### RAW DATA
----------

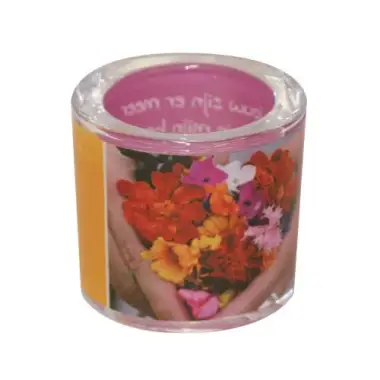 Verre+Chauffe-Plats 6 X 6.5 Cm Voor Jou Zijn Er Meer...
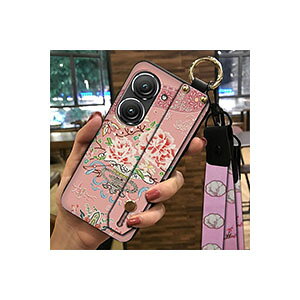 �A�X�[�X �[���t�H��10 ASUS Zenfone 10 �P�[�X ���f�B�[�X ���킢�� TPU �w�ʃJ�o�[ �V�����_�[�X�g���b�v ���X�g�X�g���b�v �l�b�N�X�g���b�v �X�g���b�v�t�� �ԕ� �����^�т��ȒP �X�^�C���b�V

----------

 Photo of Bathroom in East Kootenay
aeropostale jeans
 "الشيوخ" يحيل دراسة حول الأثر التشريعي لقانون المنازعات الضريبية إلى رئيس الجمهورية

----------

Only the lines above from the one with "aeropostale jeans" through the one with "إلى رئيس الجمهورية" should be duplicated, character for character.

aeropostale jeans
 "الشيوخ" يحيل دراسة حول الأثر التشريعي لقانون المنازعات الضريبية إلى رئيس الجمهورية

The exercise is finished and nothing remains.